I know that’s what the Wikipedia article on thr topic says, but there are many other types of Dear Colleague letters, including the one discussed here, which was issued by the Department of Education’s Office of Civil Rights. Probably want to fix that.
Anyway… a single survivor point of contact seems like a good idea.
Thank you for the correction. The article has been updated
There is planning in the works to make sexual assault Georgetown’s big social justice movement this coming year, like the H4C abortionistas and the last academic reform’s campaign for mandatory diversity courses for students were last year. GUSA is in on it as are all the campus pubs (except one) in addition to student life admins, and of course, campus feminists and associated groups on the the left.
So we’ll be seeing a lot more articles like this, op-eds, and some protests which push the feminist narrative that a rape epidemic exists and the university doesn’t care. Ergo, we need more forced training sessions for students, more media publicity and student attention, and more money to go to associated programs, including another program assistant so that tuition can go even higher and women’s studies majors have another potential job opening once they graduate.
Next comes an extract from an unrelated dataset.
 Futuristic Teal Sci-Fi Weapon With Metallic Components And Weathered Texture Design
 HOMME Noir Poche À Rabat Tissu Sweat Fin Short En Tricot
Pressure will also be to put on administrators to hold more secret tribunals and expel more male students who were judged guilty without due process or allowed to have legal representation because they had consensual sex with a girl but didn’t remember her name the next day, and whose friends convinced her that because she had one beer she was technically incapacitated and can allege rape. It will also provide cover for the mentally disturbed who want allege fake rape in order to draw sympathy and attention.
The reality, of course, is that while one rape is too many, there doesn’t exist a rape epidemic, culture, or crisis on-campus. And let’s say rape, b/c the “sexual assault” definition and stat includes everything from rape to consensual sex that is regretted the next day, in addition to rubbing against someone while dancing and them not liking it. It’s a word change to inflate numbers and includes people who don’t consider themselves to have been sexually assaulted.